The latest of these plans, as reported by The New Scientist, is to harness the power of AI to process up to 30 separate data points previously recorded about citizens in local and national police databases.
This algorithm, authorities claim, will use that data to predict who is likely to commit a crime, or even be victimized by a crime. Once a victim or potential criminal has been located social workers could be dispatched to their home before a crime has even been committed.
This isn’t the first time that police in the UK have been inspired by Minority Report. Last year, news emerged that UK police forces had been using AI facial recognition systems to spot known criminals at large sporting events, festivals, and other crowded locations. An officer would then approach a potential criminal, let them know they had been spotted and warn them off any bad behavior.
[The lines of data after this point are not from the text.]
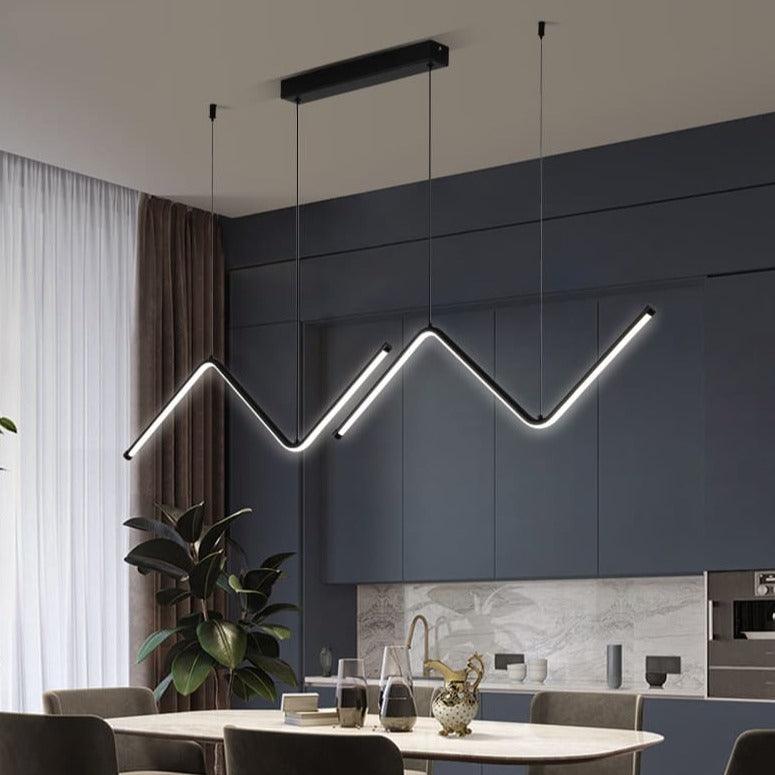 Suspension Led Design - Zig Zag - Noir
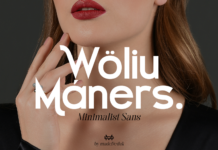 Woliu Maners Font Poster 1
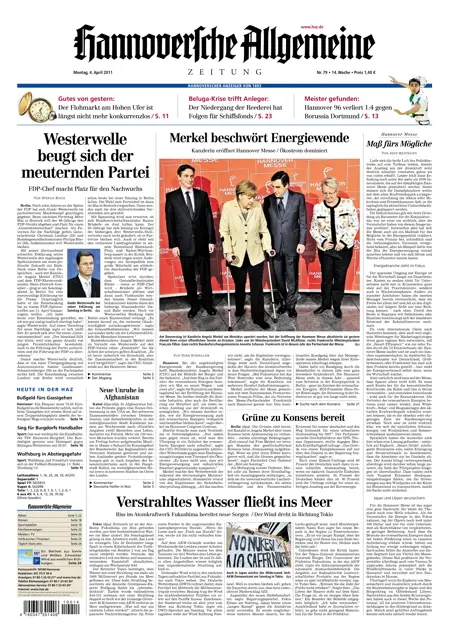 Hannoversche Allgemeine Zeitung - 04.04.2011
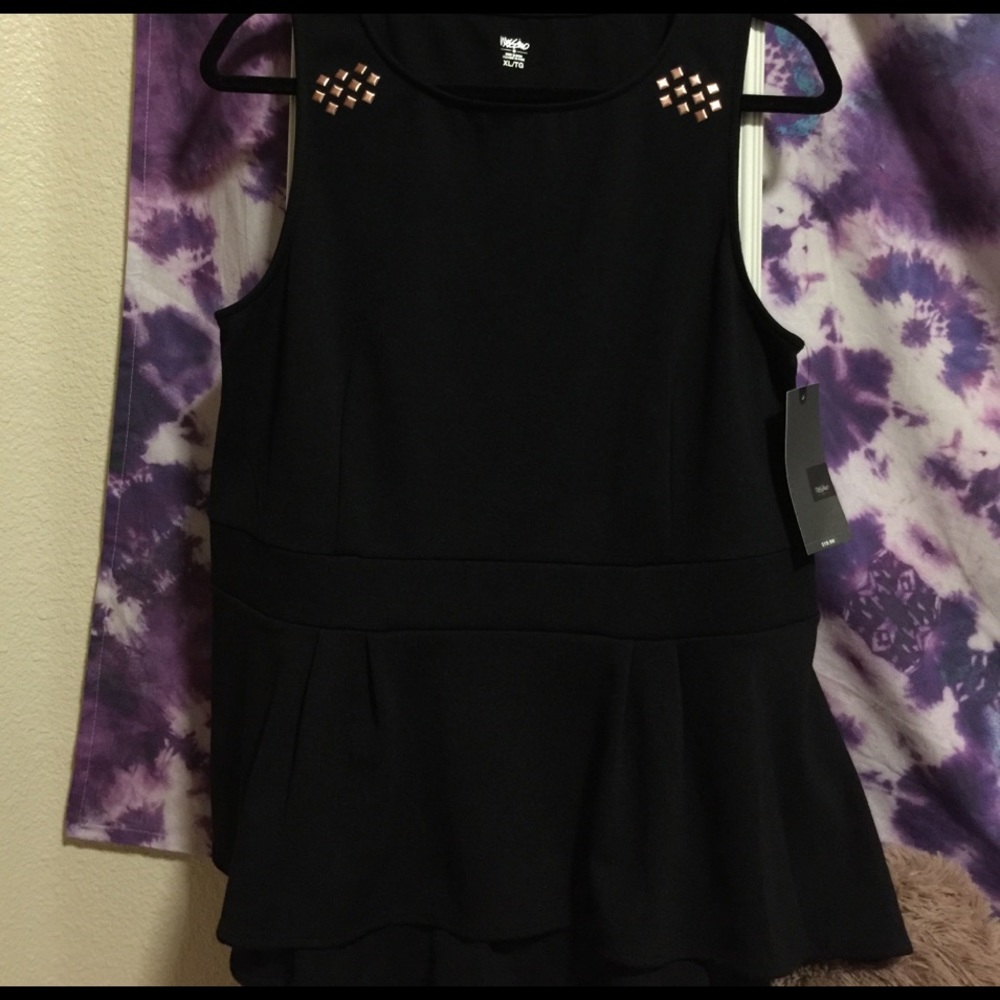 MOSSIMO PEPLUM STUDDED DRESS TOP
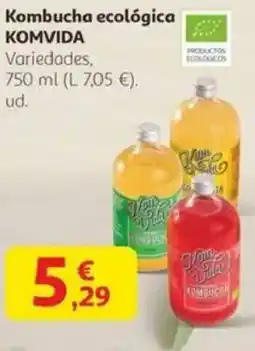 Alcampo KOMVIDA Kombucha ecológica oferta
Unfortunately, many of the people approached were innocent bystanders. According to official statistics, the facial recognition algorithm was failing to spot potential troublemakers in as many as 9 out of 10 cases. This means that 90% of the people approached, people trying to enjoy a day out with family or friends, were being mistakenly singled out.
AI to the rescue
Despite the inevitable problems with using AI to solve crimes, the force is hoping that its new National Data Analytics Solution (NDAS) is going to be a winner. In fact, project leader Iain Donnelly, Superintendent at West Midlands Police in Birmingham, believes that AI is the best way for cash-strapped police departments to lower crime rates.
For many people, the idea that innocent until proven guilty is being shelved in order to target criminals before crimes occur will spark concern. No matter how many times Donnelly insists that this tech is not going to be used for pre-emptive arrests, it still sets a dangerous precedent for UK law enforcement.
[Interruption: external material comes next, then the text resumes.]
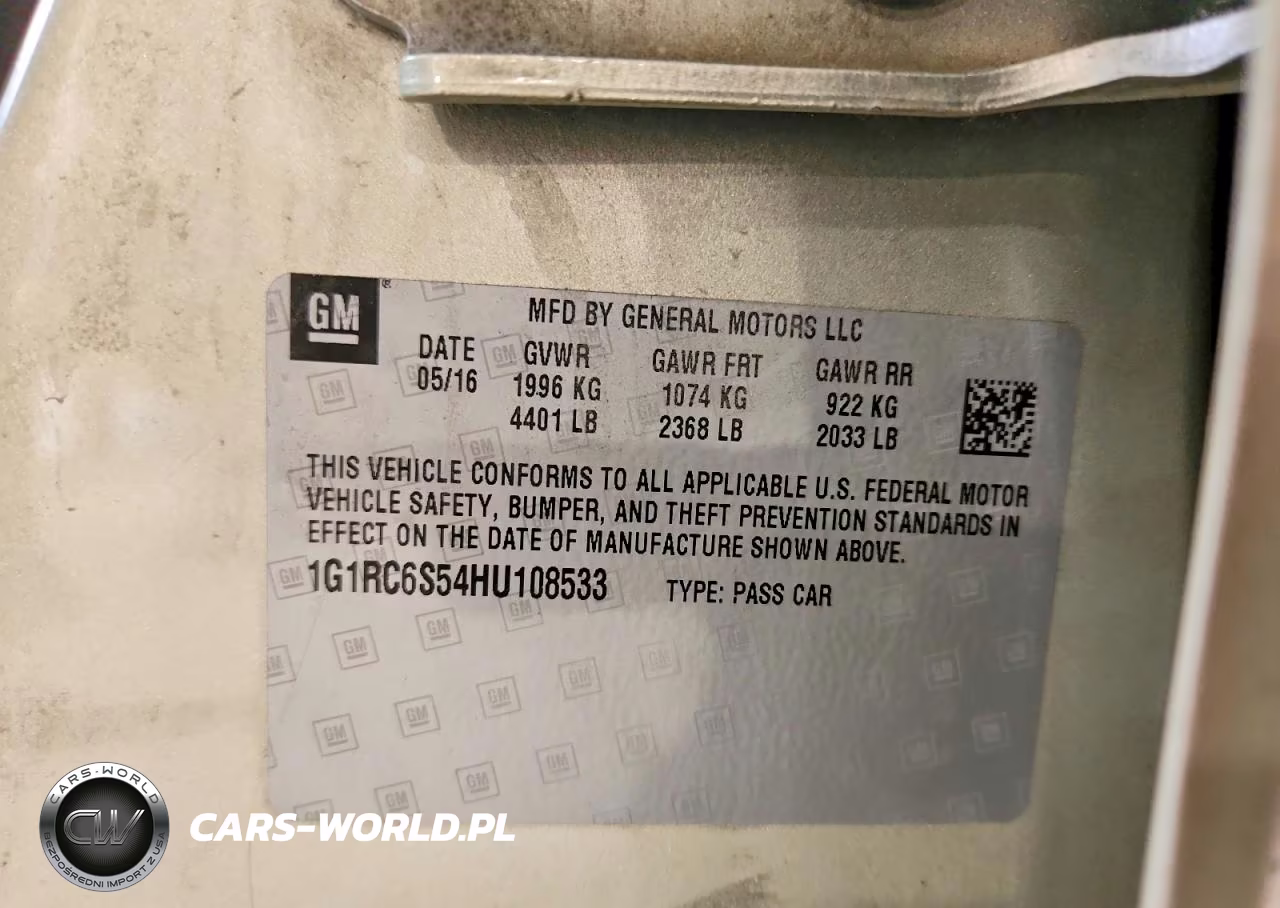 2017 Chevrolet Volt Lt VIN:1G1RC6S54HU108533 - 12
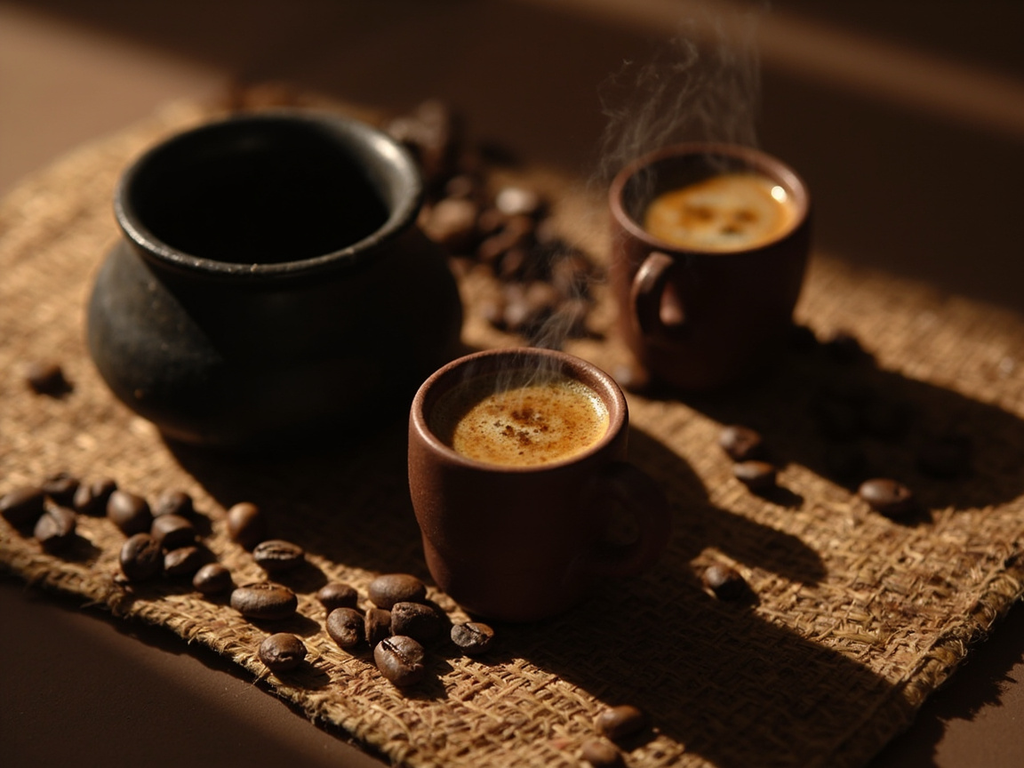 Café de Harar à l'éthiopienne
What is NDAS trying to spot?
According to Donnelly, NDAS will, “generate actionable, predictive insights from multiple datasets to help U.K. Law Enforcement prioritize resources in order to tackle those issues that pose the greatest risk to the public.”
The police claim the algorithm will primarily attempt to spot people it believes could commit serious violent crimes, including knife and firearm offenses. The police also hope to help potential targets the AI believes have a high risk of becoming victims of modern slavery.
For the time being, eight British police forces are involved in the NDAS project, including London’s Metropolitan Police and the Greater Manchester Police. The system has been set up to ensure it could easily be rolled out to forces across the UK in future. According to Donnelly, perhaps conscious that Police funding has been heavily cut in recent years, NDAS is the country's best hope for lowering crime rates.
At this stage, how effective the system will be is unclear. What is clear, is that the system is vastly overreaching and an invasion of people’s privacy. And, with GCHQ and the National Cyber Security Centre pushing for access to people’s encrypted messages, it is hard not to envision where these systems could meet in the middle in the future.
East VS West
For a long time, countries in the West espoused moral ideologies they claimed were superior to those of governments in the East. Democratic ideals intrinsically linked to freedom, privacy, and opportunity were once the mainstay of British society. As money becomes scarcer, Western governments are becoming more willing to perform the kind of surveillance that they once criticized. In reality, this has been going on longer than people realize.
While in China the government is honest about its political ideologies and central control, places like the UK would prefer to keep people in the dark. The Snooper’s Charter already permits literally dozens of public bodies and authorities to access people's web browsing histories and metadata.
As time goes on, this data, as well as data from people’s encrypted private messages, could help to feed NDAS. No matter which way you look at it, the UK is now a surveillance state. No need to watch Black Mirror, just open the curtains in the morning.